Exercise brief:
Begin at the line that holds "Câble adaptateur V05E" and retype every line through the end of the material, both included. Leave out the pictures.
──────── Information supplied ────────
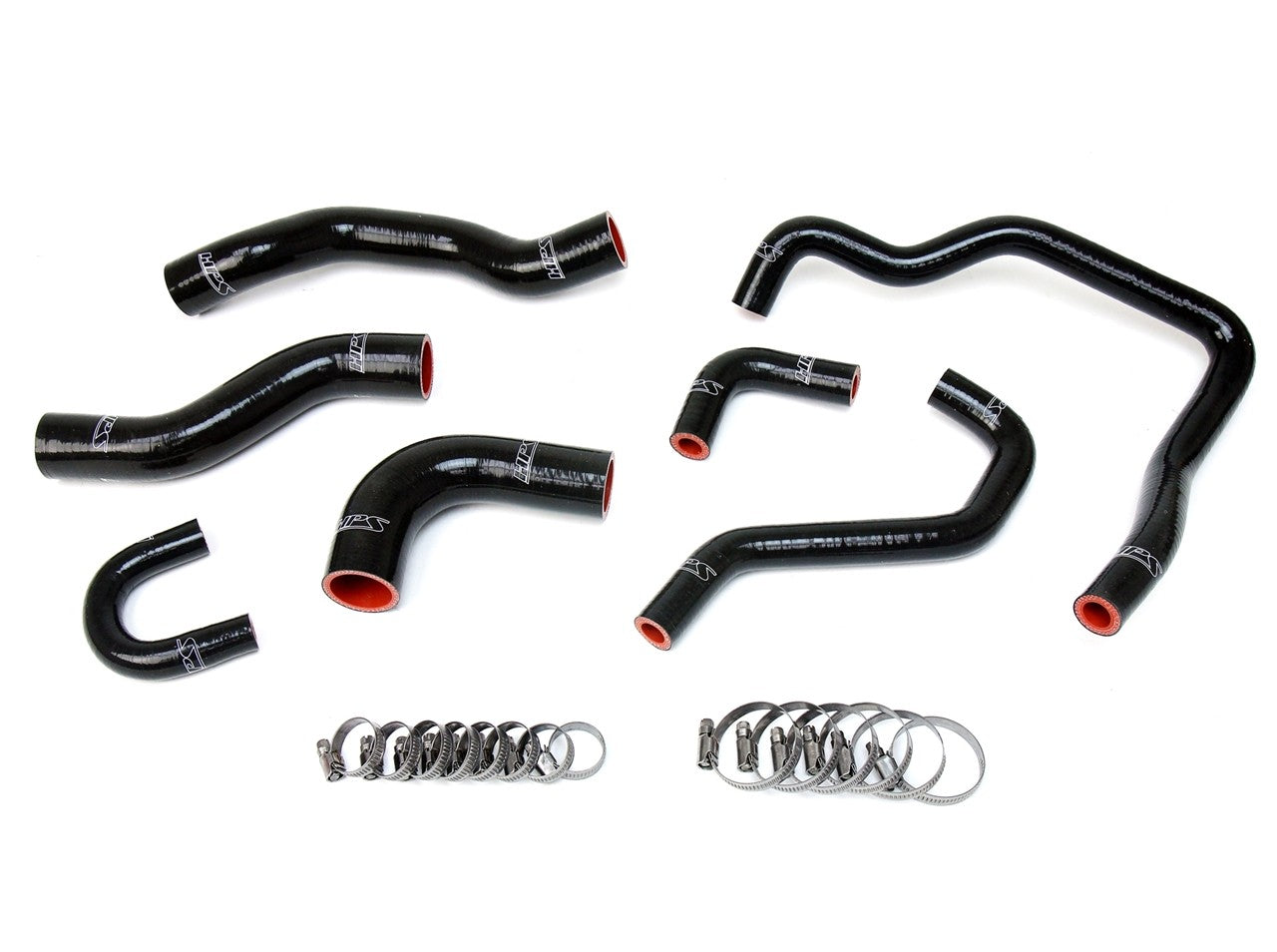 HPS Black Silicone Radiator+Heater Hose Kit 89-95 4Runner/Pickup 22RE NT LHD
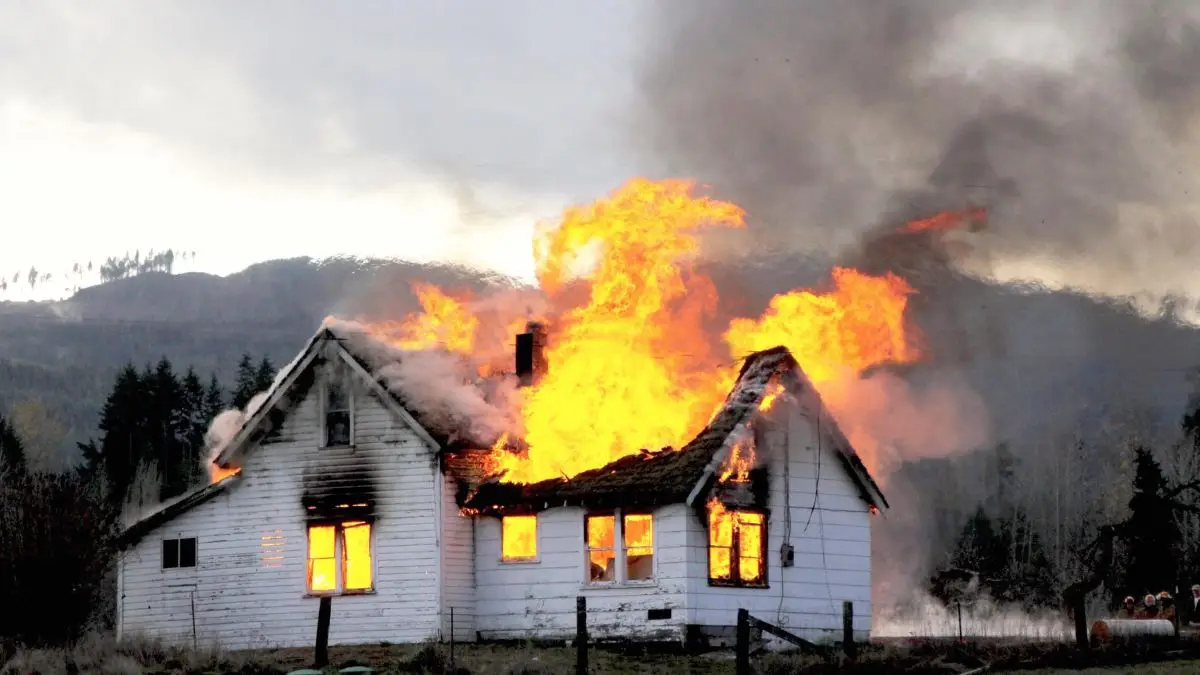 Las Vegas Mobile Home Fire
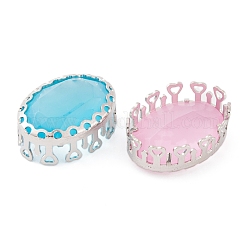 Oval Sew on Rhinestone&nbsp;GLAA-K069-05B-S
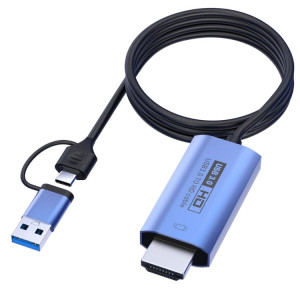 Câble adaptateur V05E USB 3.0 + USB-C / Type-C vers HDMI SH24091048-20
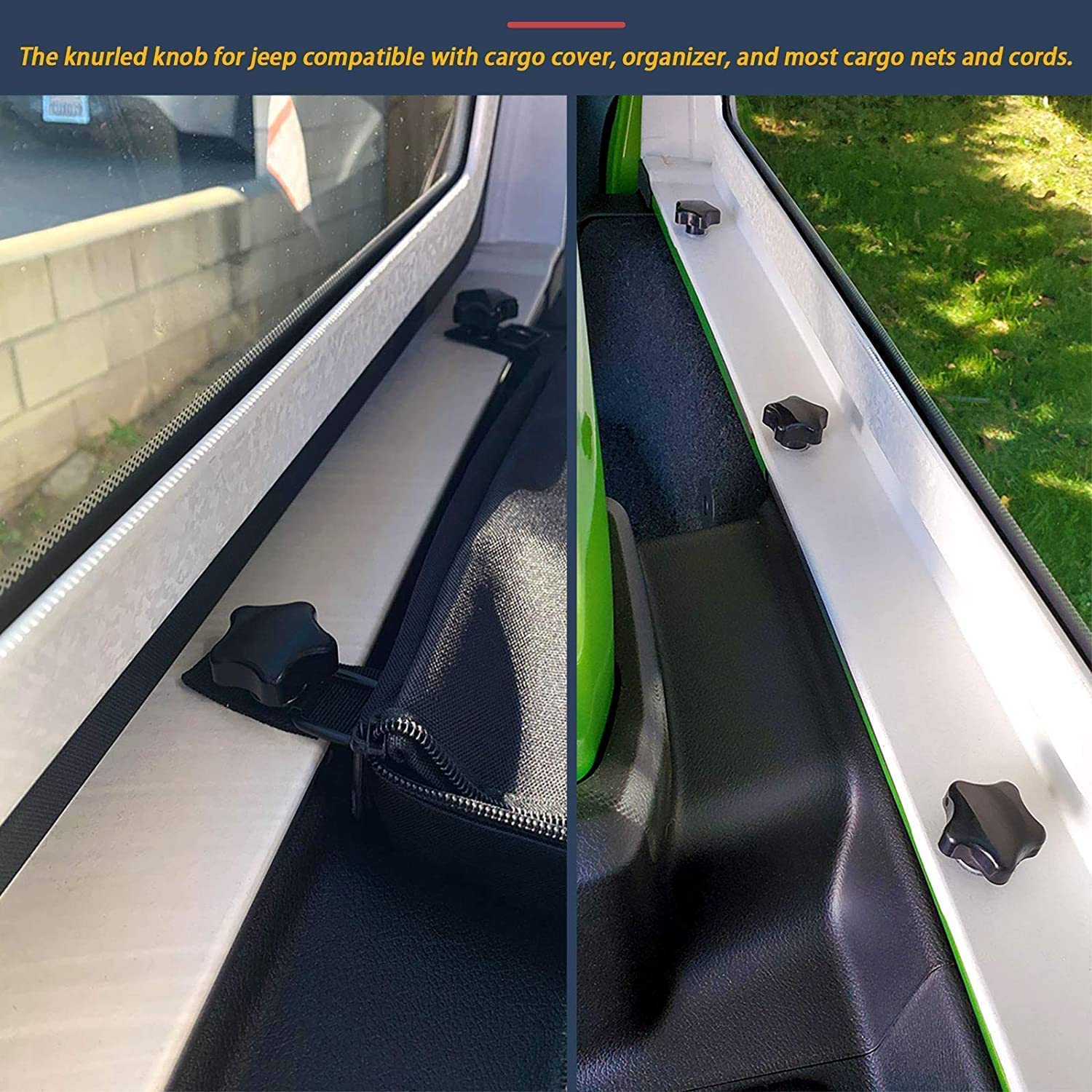 Dadi Di Bloccaggio A Stella - 14 Pezzi, Metrica M6 E M8, Per Meccanica, Elettronica, Arredamento - Foto 10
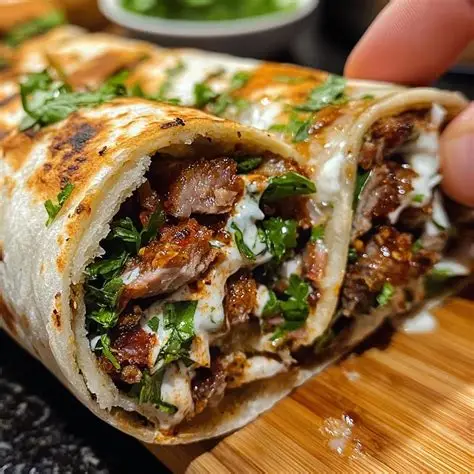 Frisch geschnittener Döner Kebap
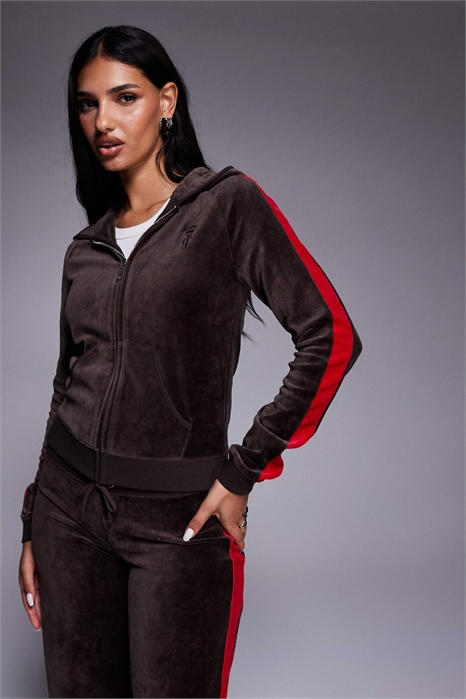 Толстовка с капюшоном и логотипом в виде полоски co-ord артикул 153280562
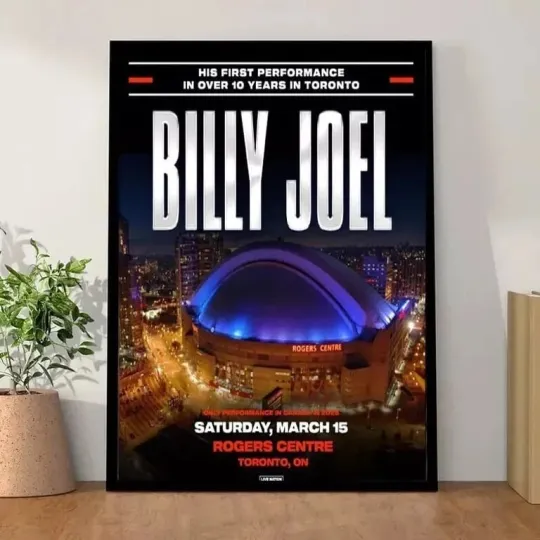 Billy Joel announces only 2025 Canadian tour date Poster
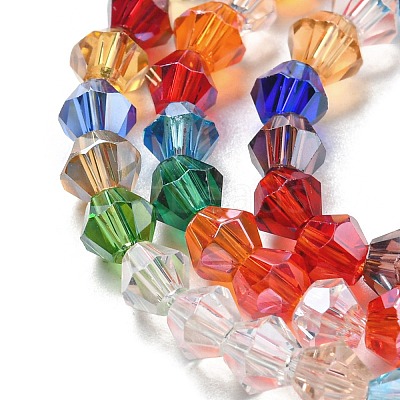 Transparent Electroplate Glass Beads Strands EGLA-A039-T2mm-A29-1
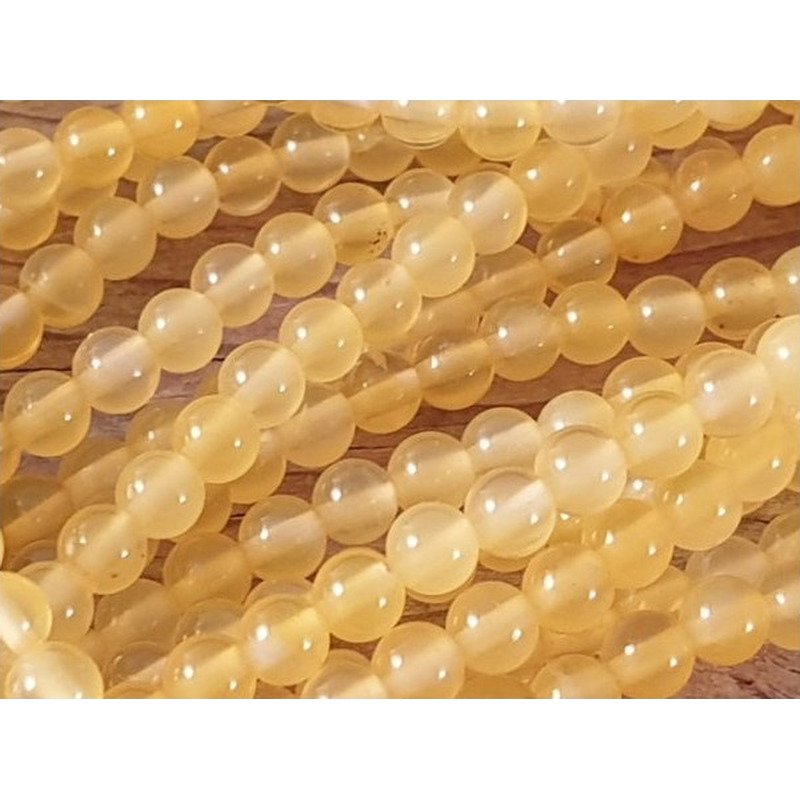 Achatkette gelb 4mm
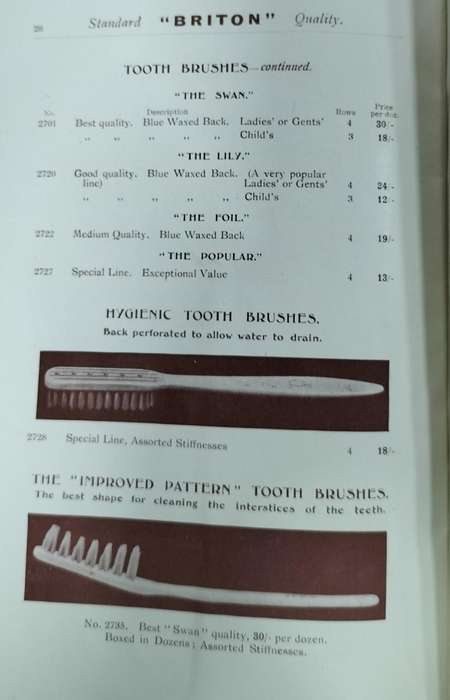Briton Brush - WPM Kellam - Johannesburg & Cape Town - 1924 (31 pages)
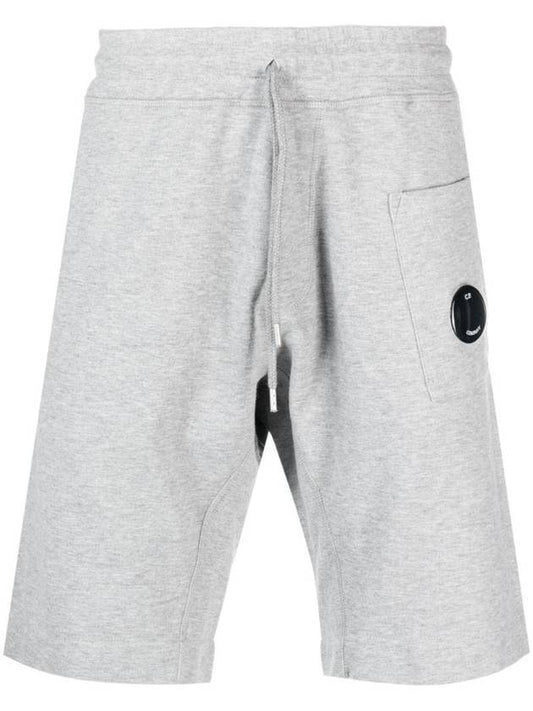 Light Fleece Regular Shorts Grey Melange - CP COMPANY - BALAAN 1
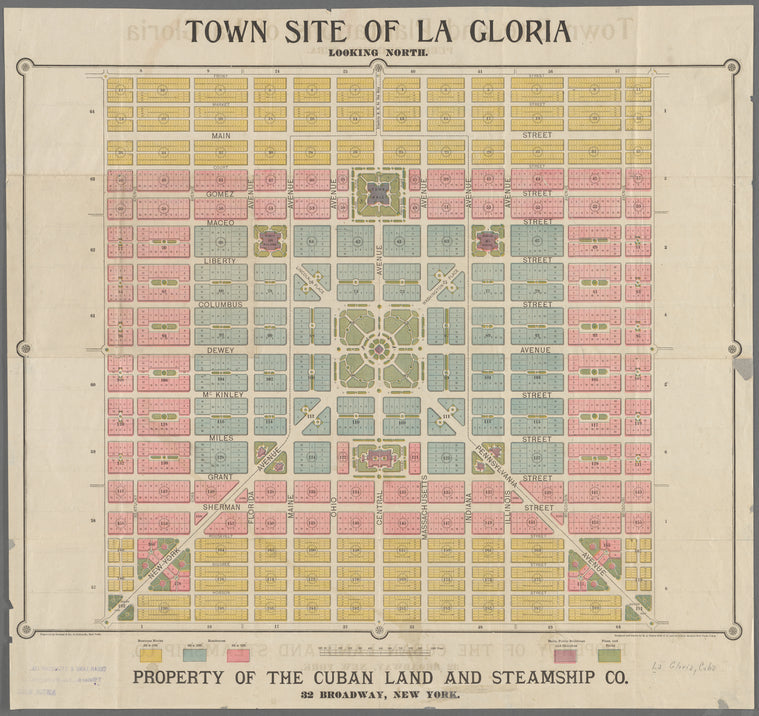 Town site of La Gloria: looking north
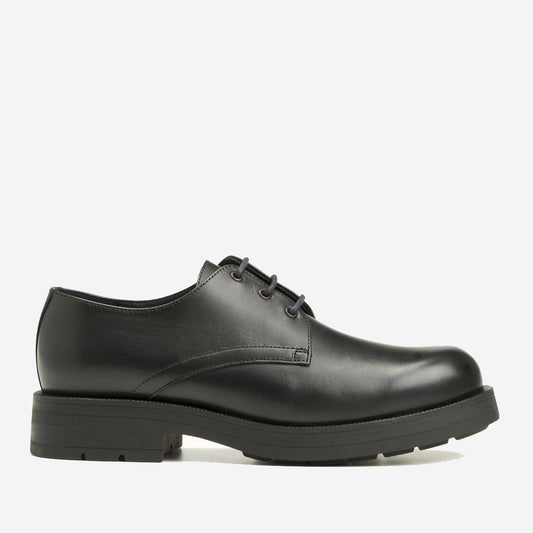 Chemin Leather Chunky Derby Shoes - Black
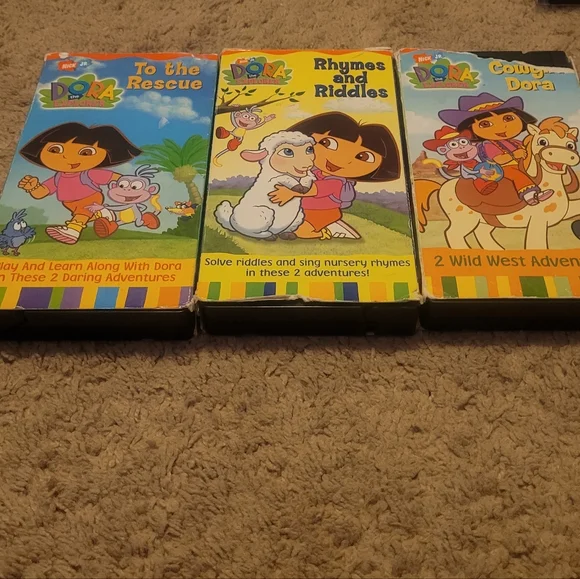 Kids VIDEO Dora The Explorer VHS BUNDLE vintage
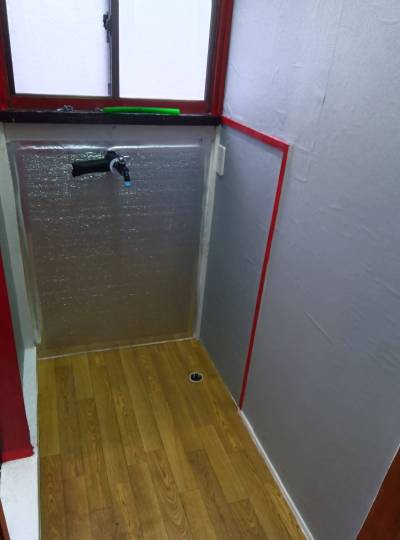 脱衣所、屋内洗濯機置き場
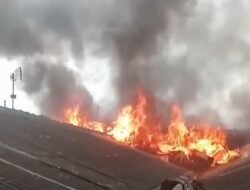 Diduga Korsleting Listrik, Empat Rumah di Cipanas Cianjur Terbakar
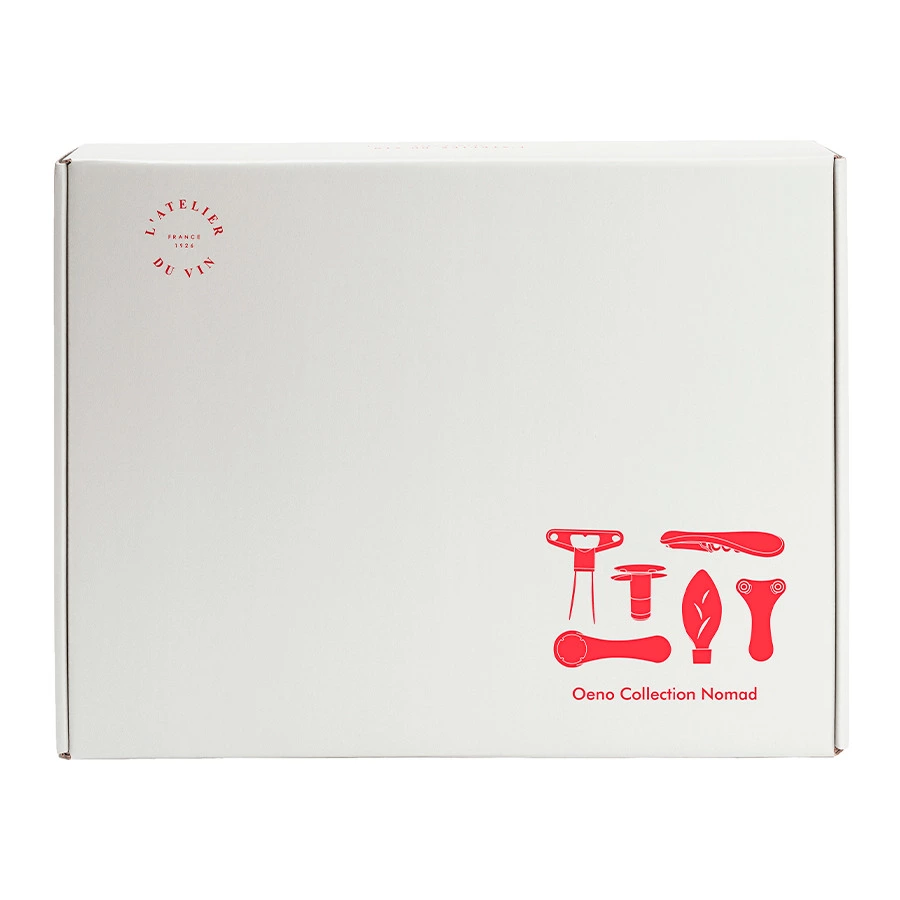 Набор инструментов для вина в кожаном футляре L`Atelier du Vin Oeno Collection Nomad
────────
Answer to this exercise:
 Câble adaptateur V05E USB 3.0 + USB-C / Type-C vers HDMI SH24091048-20
 Dadi Di Bloccaggio A Stella - 14 Pezzi, Metrica M6 E M8, Per Meccanica, Elettronica, Arredamento - Foto 10
 Frisch geschnittener Döner Kebap
 Толстовка с капюшоном и логотипом в виде полоски co-ord артикул 153280562
 Billy Joel announces only 2025 Canadian tour date Poster
 Transparent Electroplate Glass Beads Strands EGLA-A039-T2mm-A29-1
 Achatkette gelb 4mm
Briton Brush - WPM Kellam - Johannesburg & Cape Town - 1924 (31 pages)
 Light Fleece Regular Shorts Grey Melange - CP COMPANY - BALAAN 1
 Town site of La Gloria: looking north
 Chemin Leather Chunky Derby Shoes - Black
 Kids VIDEO Dora The Explorer VHS BUNDLE vintage
 脱衣所、屋内洗濯機置き場
 Diduga Korsleting Listrik, Empat Rumah di Cipanas Cianjur Terbakar
 Набор инструментов для вина в кожаном футляре L`Atelier du Vin Oeno Collection Nomad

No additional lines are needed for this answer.